Résultat, le glyphosate est de nouveau autorisé pour dix ans en Europe. Tant pis pour la biodiversité et tant pis pour la santé humaine. Est-ce bien de cet herbicide classé dès 2015 « cancérogène probable » par le Centre international de recherche sur le cancer (CIRC) dont nous parlons ? Est-ce bien de cet herbicide qui « semble présenter » des propriétés de perturbation endocrine (selon l’Inserm) qui vient d’être autorisé encore dix ans ? N’est-ce pas le glyphosate qui est mis en cause par la Commission d’indemnisation des enfants victimes d’une exposition prénatale aux pesticides, laquelle établit pour la première fois en France, un lien de causalité entre malformations et exposition prénatale au glyphosate ?
Ce jeudi 16 novembre, l’Europe a fermé les yeux sur la perte de biodiversité. Le problème n’est pas le glyphosate en soi, mais son mélange avec d’autres co-formulants. « Des expériences sur les grenouilles l’ont démontré. En pulvérisant sur des spécimens les doses autorisées dans les champs, comme un tracteur pourrait le faire, un très haut taux de mortalité était observé. Non pas à cause du simple glyphosate, mais de tous les co-formulants auxquels il est mélangé », explique Martin Dermine, de Pesticide Action Network Europe (PAN Europe).
L’Europe, et la France au premier chef, a fait montre d’un criant manque de courage la semaine dernière. Reléguant à l’arrière-plan un principe de précaution qui, dans ce cas précis, reste encore le bienvenu. Au gouvernement, on se défend comme on peut : la France « n’est pas contre le principe du renouvellement » du glyphosate, explique-t-on au cabinet du ministre de l’Agriculture, Marc Fesneau, mais elle « veut réduire rapidement son usage ». Sur le glyphosate, comme nombre de sujets d’ailleurs, le en même temps ne mène nulle part. Le temps perdu ne se rattrape pas.

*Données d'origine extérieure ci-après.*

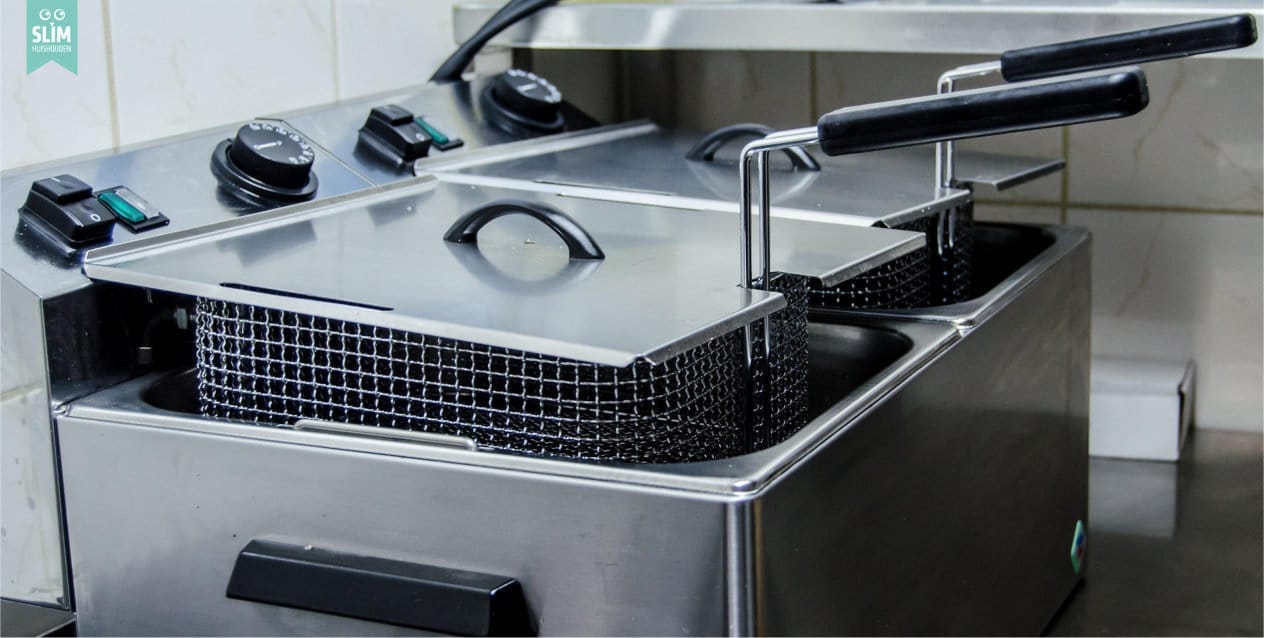 Professionele RVS frituurpan met dubbele bak als onderdeel van goede keukenapparatuur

Surtout, les Vingt-Sept, ont préféré se ranger du côté des lobbys de l’agrochimie. Souvenez-nous du Luxembourg, qui avait interdit le glyphosate, et qui n’avait pas eu d’autre choix que de faire machine arrière en avril après avoir perdu son procès face à Bayer. « Ce retrait n’était basé sur aucun élément scientifique ou réglementaire incriminant le glyphosate ou les produits basés sur cette substance », se réjouissait le géant de l’agrochimie. Le combat sera long, alors ne tergiversons pas.

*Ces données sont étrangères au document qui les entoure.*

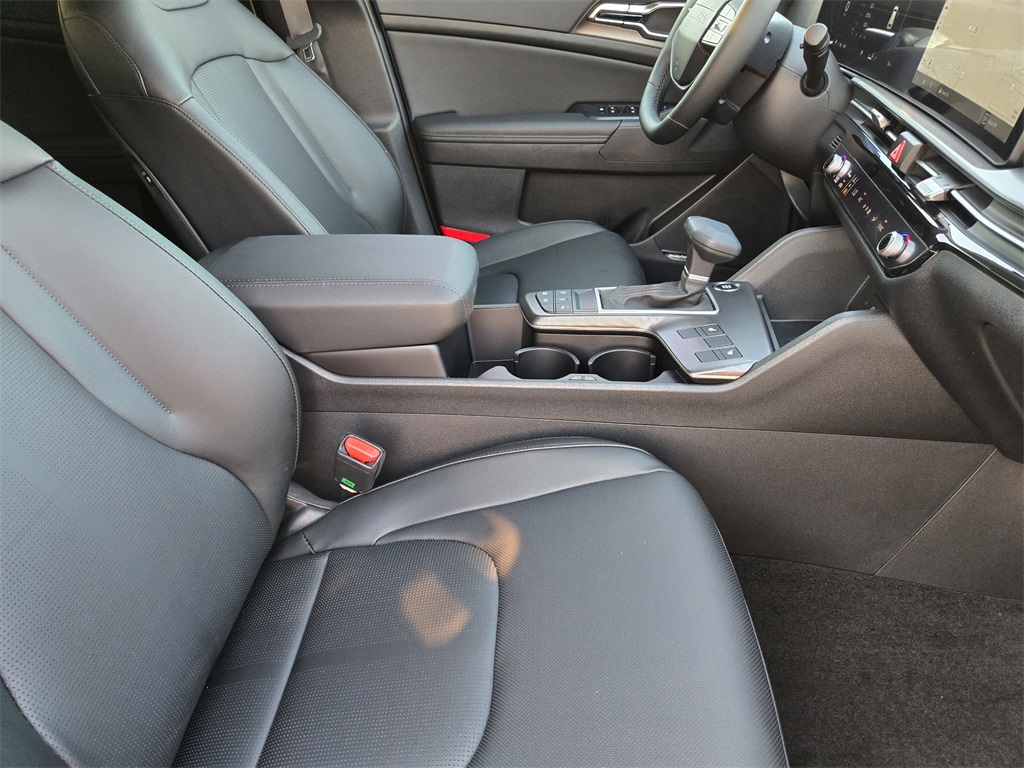 2026 Kia Sportage SX Image 10 of 22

Cette bataille ne doit pas se faire contre mais avec les agriculteurs. Pas d’interdiction sans solution, évidemment. « On peut trouver d’autres solutions, ce (l’utilisation du glyphosate, ndlr) n’est pas indispensable », estime Paul-Emmanuel Boulai, agriculteur en bio, en polyculture et élevage de porcs en plein air, et porte-parole de la Confédération paysanne de Loir-et-Cher. Une agriculture sans glyphosate est non seulement possible, mais elle existe déjà. Nombre d’agriculteurs ont renoncé à son utilisation, notamment en agriculture biologique, dont le cahier des charges proscrit l’utilisation des pesticides de synthèse.

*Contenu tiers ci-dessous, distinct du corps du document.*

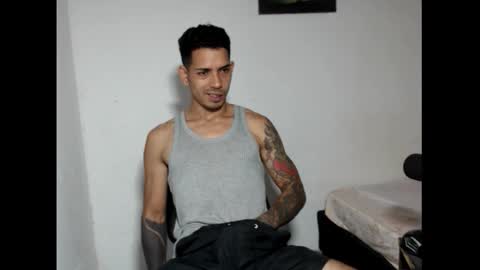 im_taylor24 online show from December 3, 2025, 10:30 pm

« Il est aujourd’hui nécessaire de mettre en place des politiques publiques fortes pour soutenir et accompagner les agriculteurs et agricultrices vers la sortie du glyphosate. Celle-ci doit aller de pair avec une transformation profonde de nos systèmes agricole et alimentaire afin de ne plus dépendre des intrants chimiques », plaide Ariane Malleret, de Greenpeace France. De la volonté politique donc et un peu de courage pour accompagner la transition de notre agriculture. Vital pour la biodiversité. Vital pour nous.